The groups produced the report, Price Volatility in Food and Agricultural Markets: Policy Responses, at the request of the Group of 20 countries, which account for some 85 percent of global economic output.
G-20 agriculture ministers are scheduled to meet June 22-23 in Paris to consider policy responses to commodity price volatility, including for food crops, which France has made a priority of its 2011 presidency of the group.
The report said: “Subsidies to first-generation biofuel production lower biofuel production costs and, therefore, increase the dependence of crop prices on the price of oil. Such policies warrant reconsideration.”
Furthermore, “trade restrictions by favoring domestic sources of raw material for biofuels do not maximize expected environmental benefits,” in particular, reduction of carbon dioxide emissions, it said. The report made several recommendations for agricultural, environmental, and trade policy changes.
The report said that between 2000 and 2009, global output of bioethanol quadrupled and production of biodiesel increased tenfold, pushed by government support policies in wealthy countries.
First-generation biofuels are produced mainly from food crops. The report said that from 2007 to 2009, these biofuels accounted for 20 percent of sugar cane use, 9 percent of use for both oilseeds and coarse grains, and 4 percent for sugar beet use.

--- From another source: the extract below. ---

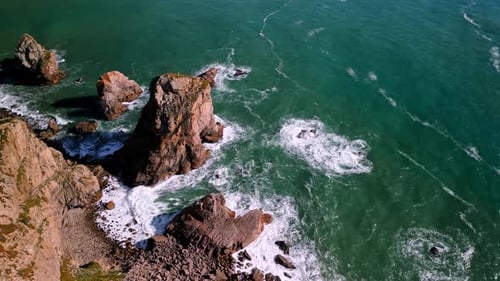 Rugged Coastline with Cliffs and Crashing Waves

“With such weights of biofuels in the supply-demand balance for the products concerned, it is not surprising that world market prices of these products, and their substitutes, are substantially higher than they would be if no biofuels were produced,” the report said.

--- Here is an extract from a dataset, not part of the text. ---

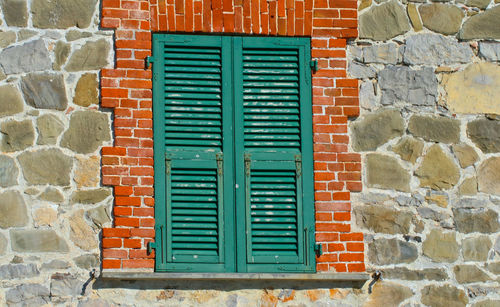 Closed window on brick wall of building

In addition to ending subsidies, the report recommended speeding scientific research on so-called second-generation feedstock as well as other ways to reduce carbon dioxide emissions and improve energy and food sustainability and security. Second-generation biofuels are mainly produced from nonfood, cellulosic sources and provide greater greenhouse gas savings than standard fuels and most first-generation biofuels.
The report also recommended opening international markets so that renewable fuels and feedstocks can be produced where it is economically, environmentally, and socially feasible to do so and can be traded more freely.
Other organizations involved in the report included the World Food Program and World Trade Organization.